While Toyota has been boosted by a weaker yen, it has also been a big beneficiary of cooling demand for electric vehicles in some markets, such as the United States, where more customers are embracing petrol-electric hybrids, Toyota’s traditional strength.
The Japanese automaker was long criticized for pursuing its “multi-pathway” strategy, championing hybrids and plug-in hybrids as well as EVs, a stance that is increasingly looking prescient given consumer concerns about EV driving ranges and the availability of charging stations.
Toyota expects operating income to total 4.3 trillion yen in the year to March 2025, a 20% decline, as it invests in “human capital” – including providing support for labour costs at suppliers and dealers – as well as in its multi-pathway strategy.

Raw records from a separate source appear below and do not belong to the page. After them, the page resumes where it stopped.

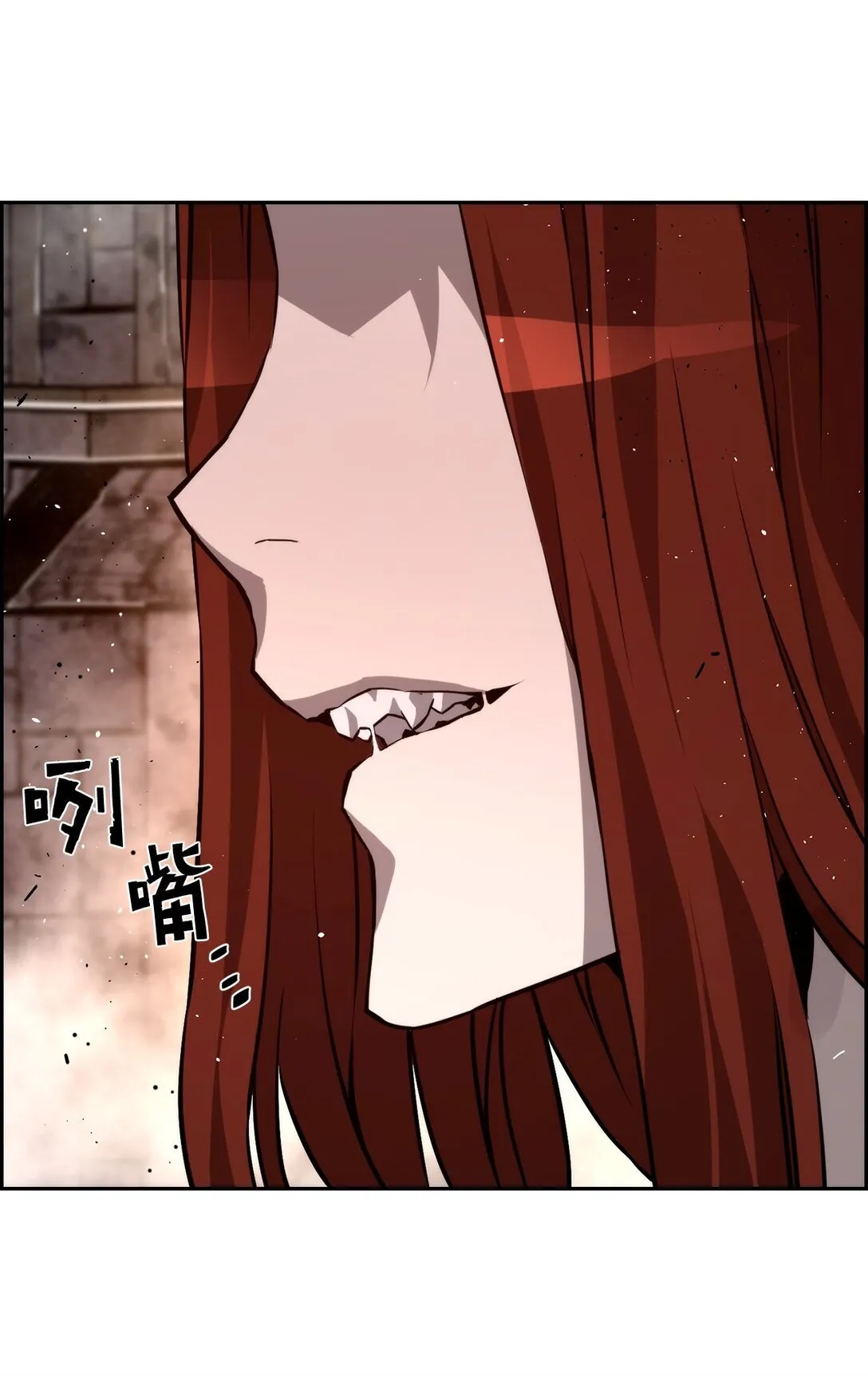 13 魔塔 第90页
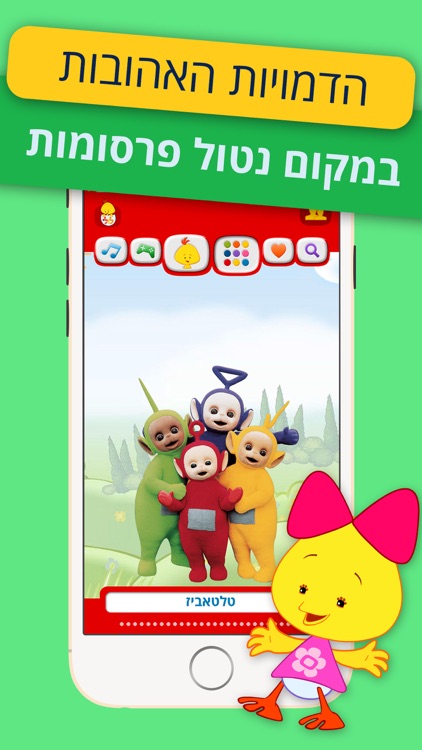 ערוץ לולי שירים משחקים לפעוטות By Hop Channel Ltd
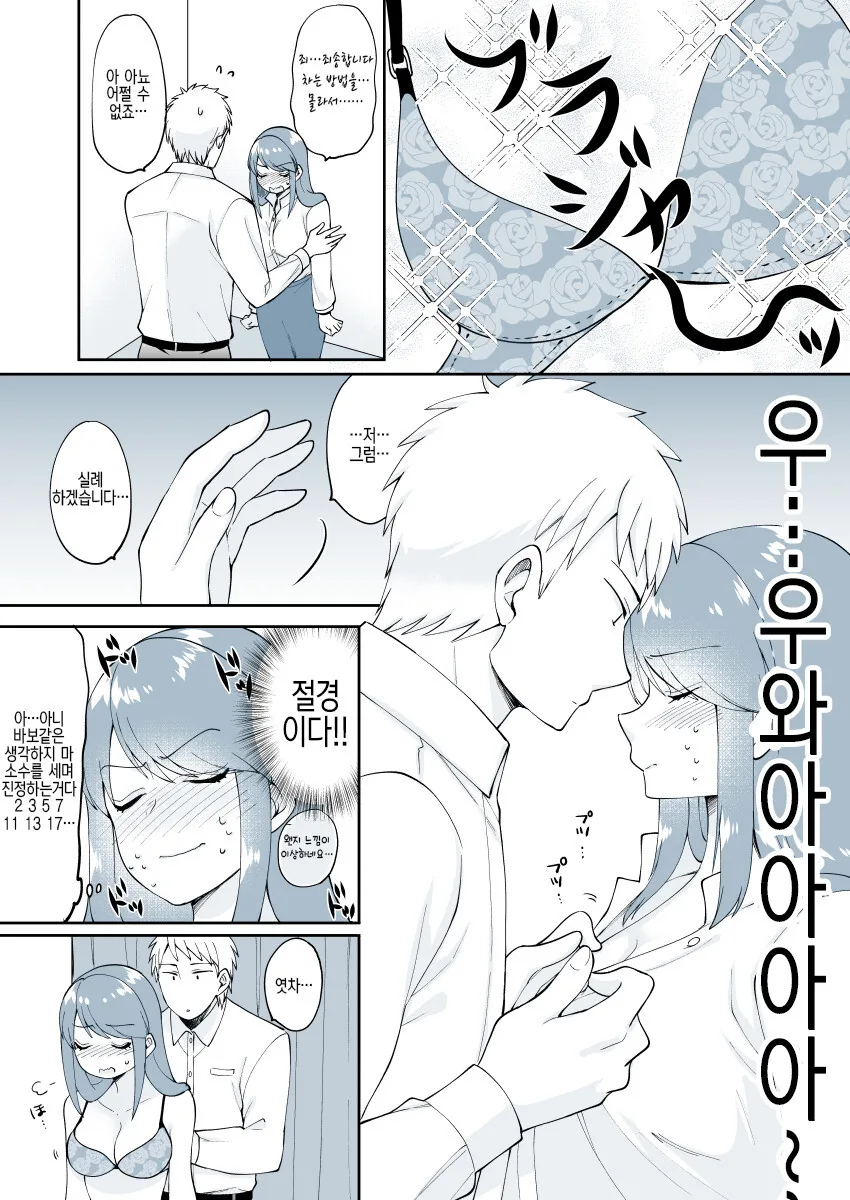 manga_238410_004.webp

“We’ll make investments in order to firmly protect the supply chain,” Toyota CEO Koji Sato told a press conference after the earnings release.
“Even though our operations are run very efficiently, there are many things that still need to be changed to some extent,” he said, referring to shifts in the manufacturing process as Toyota makes the leap from automaker to mobility company.
Toyota said it plans to invest 1.7 trillion yen for growth this year in areas such as artificial intelligence and software.
“Guidance in profit seems disappointing,” said James Hong, head of mobility research at Macquarie. “Additional cost for suppliers and investment is something unexpected.”